◆ What is expected ◆
All of the data below should be repeated exactly. Pictures should not be included.

------ Information provided ------

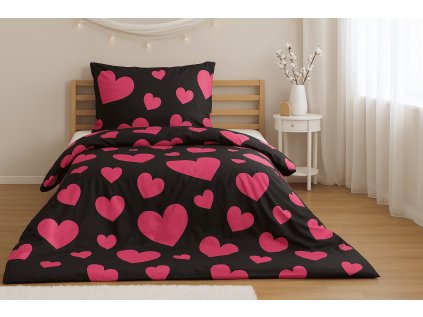 Lenjerie de pat din polybumbac HEART PINK, negru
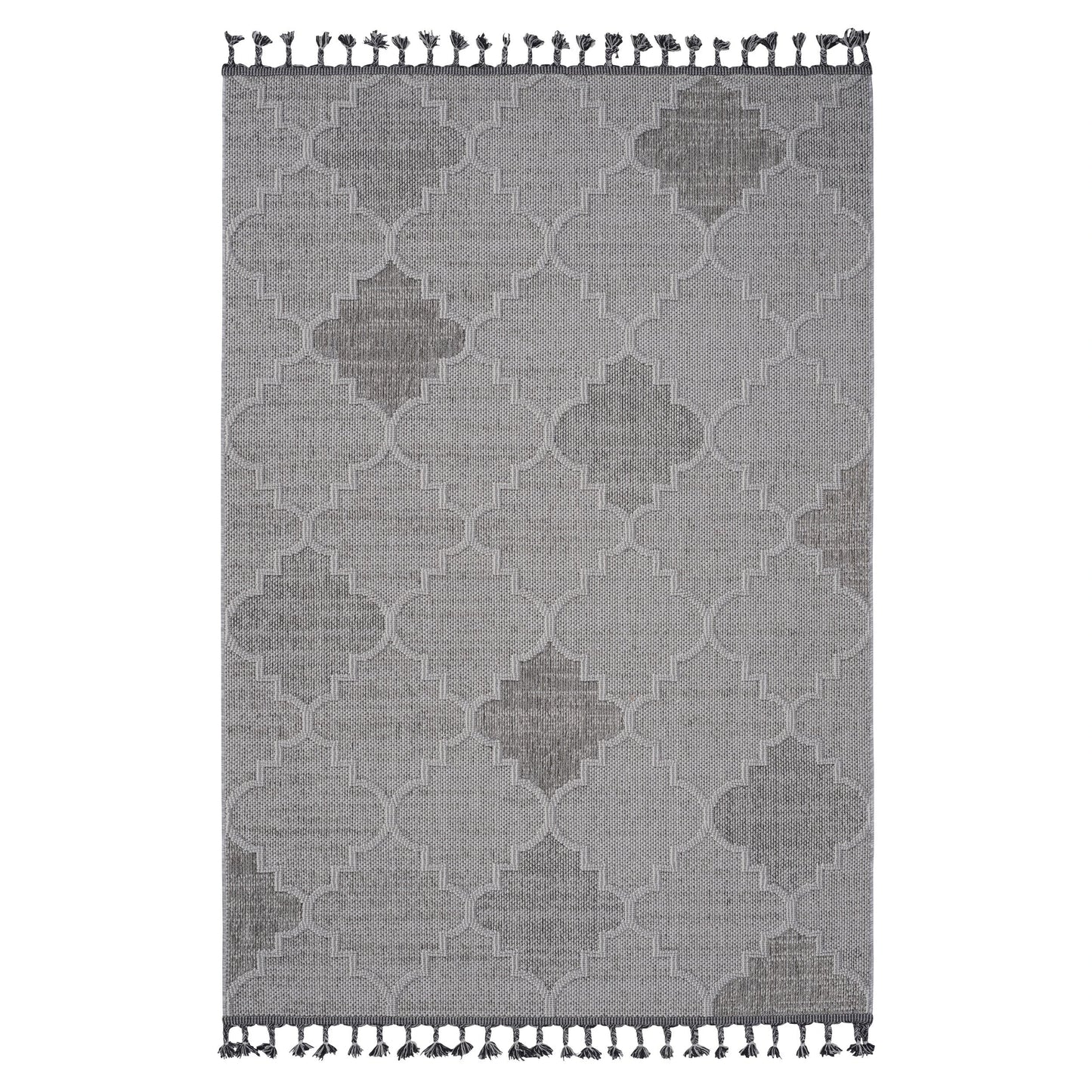 Loom & Luxe White & Grey & Trellis Indoor/Outdoor Area Rug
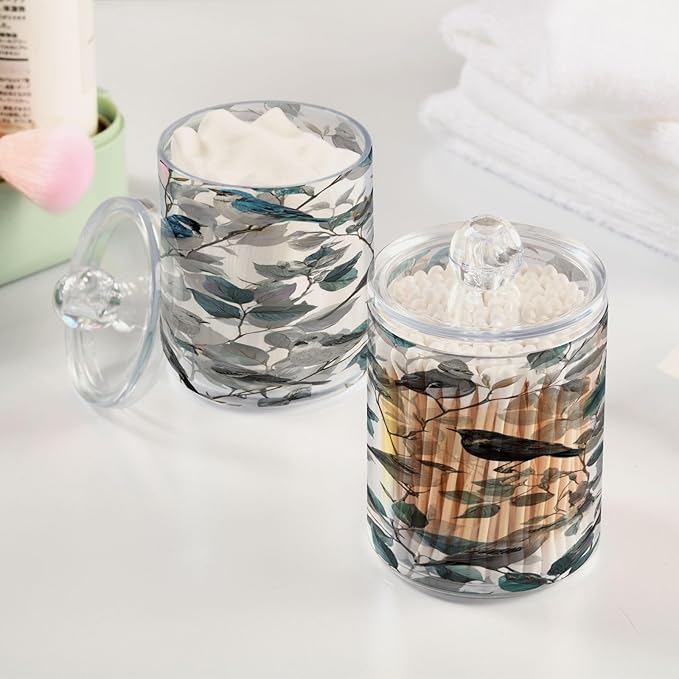 2 Pack Apothecary Jars Blue Birds Branch Design Bathroom Vanity Storage Organizer Set,Small Clear Plastic Storage Jars Bathroom Canister for Cotton Swabs, Rounds, Balls, Qtips,Makeup Sponges, F
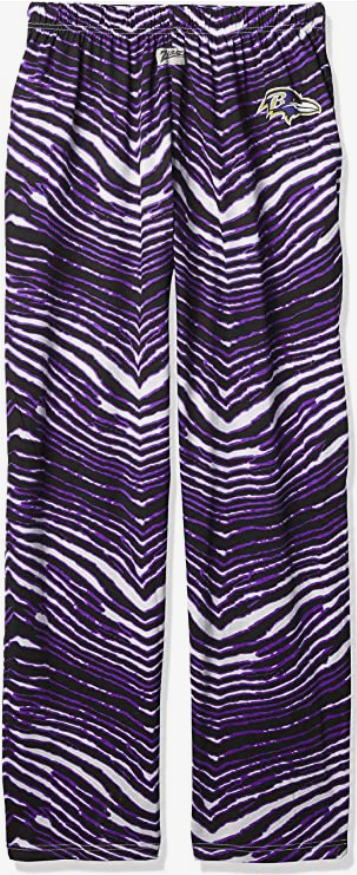 Zubaz Baltimore Ravens NFL Men's Zebra Left Hip Logo Lounge Pant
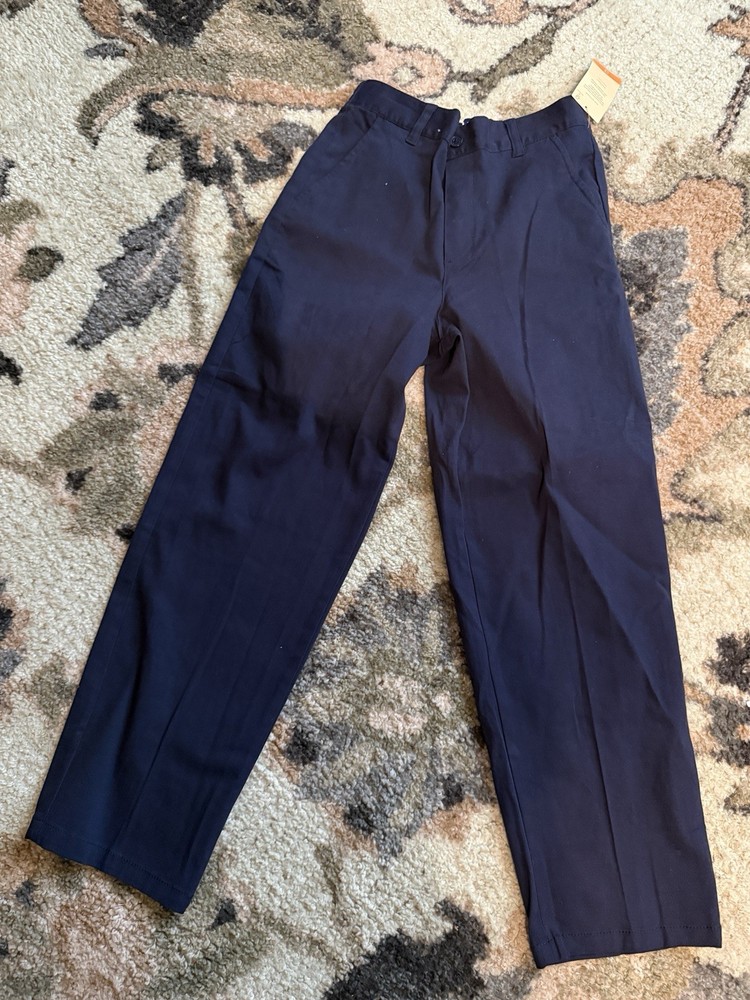 French Toast Boys Uniform Pants Navy Twill Cotton Blend 12 Husky Elastic Waist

------

◆ Solution to the problem ◆
 Lenjerie de pat din polybumbac HEART PINK, negru
 Loom & Luxe White & Grey & Trellis Indoor/Outdoor Area Rug
 2 Pack Apothecary Jars Blue Birds Branch Design Bathroom Vanity Storage Organizer Set,Small Clear Plastic Storage Jars Bathroom Canister for Cotton Swabs, Rounds, Balls, Qtips,Makeup Sponges, F
 Zubaz Baltimore Ravens NFL Men's Zebra Left Hip Logo Lounge Pant
 French Toast Boys Uniform Pants Navy Twill Cotton Blend 12 Husky Elastic Waist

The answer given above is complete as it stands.